Nasılki madrub, elbette dâribe delalet eder. San'atlı bir eser, san'atkârı îcab eder. Veled, vâlidi iktiza eder. Tahtiyet, fevkıyeti istilzam eder ve hâkeza... Bütün umûr-u izafiye tabir ettikleri biri birisiz olmayan evsaf-ı nisbiye misillü şu kâinatın cüz'iyatında ve heyet-i umumiyesinde görünen imkân dahi, vücubu gösterir. Ve bütün onlarda görünen infial, bir fiili gösterir. Ve umumunda görünen mahlukıyet, hâlıkıyeti gösterir. Ve umumunda görünen kesret ve terkib, vahdeti istilzam eder. Ve vücub ve fiil ve hâlıkıyet ve vahdet, bilbedahe ve bizzarure mümkin, münfail, kesîr, mürekkeb, mahluk olmayan; vâcib ve fâil, vâhid ve hâlık olan mevsuflarını ister. Öyle ise bilbedahe bütün kâinattaki bütün imkânlar, bütün infialler, bütün mahlukıyetler, bütün kesret ve terkibler bir Zât-ı Vâcib-ül Vücud, Fa'alün Limâ Yürîd, Hâlık-ı Külli Şey', Vâhid-i Ehad'e şehadet eder.
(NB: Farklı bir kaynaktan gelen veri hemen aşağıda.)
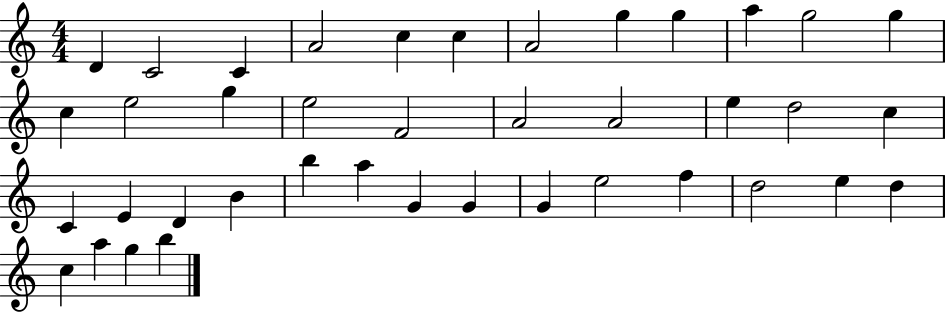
{
  \clef treble
  \numericTimeSignature
  \time 4/4
  \key c \major
  d'4 c'2 c'4 | a'2 c''4 c''4 | a'2 g''4 g''4 | a''4 g''2 g''4 | \break c''4 e''2 g''4 | e''2 f'2 | a'2 a'2 | e''4 d''2 c''4 | \break c'4 e'4 d'4 b'4 | b''4 a''4 g'4 g'4 | g'4 e''2 f''4 | d''2 e''4 d''4 | \break c''4 a''4 g''4 b''4 | \bar "|."
} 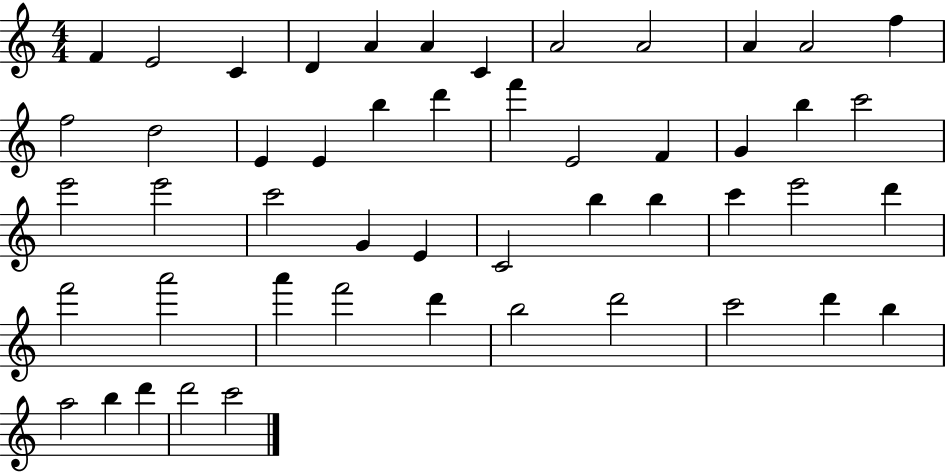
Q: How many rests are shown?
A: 0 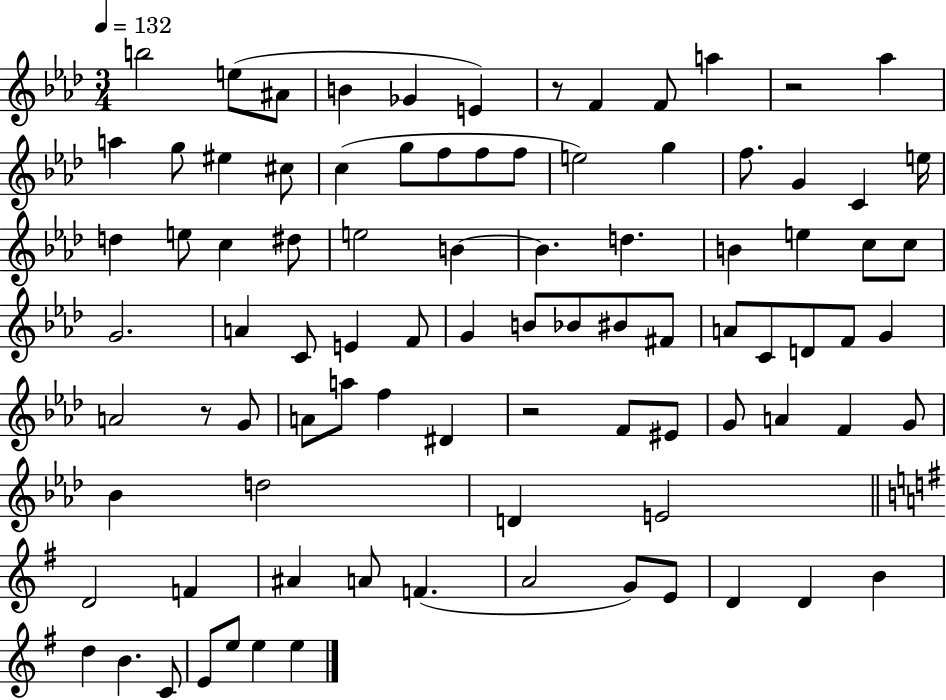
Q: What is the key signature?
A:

Elhasıl: Nasıl imkândan vücub görünüyor, infialden fiil ve kesretten vahdet; bunların vücudu, onların vücuduna kat'iyyen delalet eder. Öyle de: Mevcudat üstünde görünen mahlukıyet ve merzukıyet gibi sıfatlar dahi, sâni'iyet, rezzakıyet gibi şe'nlerin vücudlarına kat'î delalet ediyor. Şu sıfâtın vücudu dahi, bizzarure ve bilbedahe bir Hallak ve bir Rezzak Sâni'-i Rahîm'in vücuduna delalet eder. Demek herbir mevcud, taşıdığı yüzler bu çeşit sıfatlar lisanıyla, Zât-ı Vâcib-ül Vücud'un yüzler esma-i hüsnasına şehadet ederler. Bu şehadetler kabul edilmezse, mevcudatın bütün bu çeşit sıfatlarını inkâr etmek lâzım gelir...

Yirmialtıncı Pencere

{(Haşiye): Şu pencere umumî değil. Ehl-i kalb ve ehl-i muhabbete hususiyeti var.}

Şu kâinatın mevcudatı yüzünde tazelenen ve gelip geçen cemaller ve hüsünler; bir Cemal-i Sermedî cilvelerinin bir nevi gölgeleri olduğunu gösterir. Evet, ırmağın yüzündeki kabarcıkların parlayıp gitmesinden sonra arkadan gelenlerin gidenler gibi parlamaları, daimî bir şemsin şualarının âyineleri olduklarını gösterdikleri gibi; seyyal zaman ırmağında,

Yükleniyor...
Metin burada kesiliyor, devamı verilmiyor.